* _Input data_:
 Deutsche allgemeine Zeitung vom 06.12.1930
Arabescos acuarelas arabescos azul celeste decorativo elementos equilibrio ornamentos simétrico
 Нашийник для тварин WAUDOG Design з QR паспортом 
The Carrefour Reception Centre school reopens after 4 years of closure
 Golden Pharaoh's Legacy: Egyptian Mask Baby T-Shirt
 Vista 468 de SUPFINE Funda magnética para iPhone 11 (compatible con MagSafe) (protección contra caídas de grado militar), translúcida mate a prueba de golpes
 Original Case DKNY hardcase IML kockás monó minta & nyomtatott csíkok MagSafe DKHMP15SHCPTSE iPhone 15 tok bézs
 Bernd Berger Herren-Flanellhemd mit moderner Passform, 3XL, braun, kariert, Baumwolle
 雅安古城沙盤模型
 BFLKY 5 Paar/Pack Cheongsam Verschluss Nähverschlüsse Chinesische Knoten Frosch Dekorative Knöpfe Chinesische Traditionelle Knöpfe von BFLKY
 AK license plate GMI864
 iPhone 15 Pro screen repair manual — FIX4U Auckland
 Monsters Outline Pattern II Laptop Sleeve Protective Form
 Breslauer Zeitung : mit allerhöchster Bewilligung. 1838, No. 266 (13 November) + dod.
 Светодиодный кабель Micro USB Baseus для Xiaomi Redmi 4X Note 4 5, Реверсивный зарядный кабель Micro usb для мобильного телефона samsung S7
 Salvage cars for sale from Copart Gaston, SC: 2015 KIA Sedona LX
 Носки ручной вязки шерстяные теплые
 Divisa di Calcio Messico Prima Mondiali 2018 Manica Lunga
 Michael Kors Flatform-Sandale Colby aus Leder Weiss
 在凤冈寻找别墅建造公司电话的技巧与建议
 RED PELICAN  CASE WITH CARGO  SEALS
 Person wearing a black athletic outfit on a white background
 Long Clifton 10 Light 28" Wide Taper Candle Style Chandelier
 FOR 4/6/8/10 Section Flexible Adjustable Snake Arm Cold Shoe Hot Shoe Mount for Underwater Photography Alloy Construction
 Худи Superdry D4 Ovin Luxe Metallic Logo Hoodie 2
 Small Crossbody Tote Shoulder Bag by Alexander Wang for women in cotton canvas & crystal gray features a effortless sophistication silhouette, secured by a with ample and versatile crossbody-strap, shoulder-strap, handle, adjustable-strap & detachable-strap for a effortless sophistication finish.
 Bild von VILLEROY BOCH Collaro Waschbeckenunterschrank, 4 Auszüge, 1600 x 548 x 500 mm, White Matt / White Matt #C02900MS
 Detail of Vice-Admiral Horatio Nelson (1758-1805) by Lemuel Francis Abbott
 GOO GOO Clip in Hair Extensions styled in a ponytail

* _Instructions for the task_: What is the number of lines in this listing that contain the word "MagSafe"? Answer with that number and nothing else.

* _Result_: 2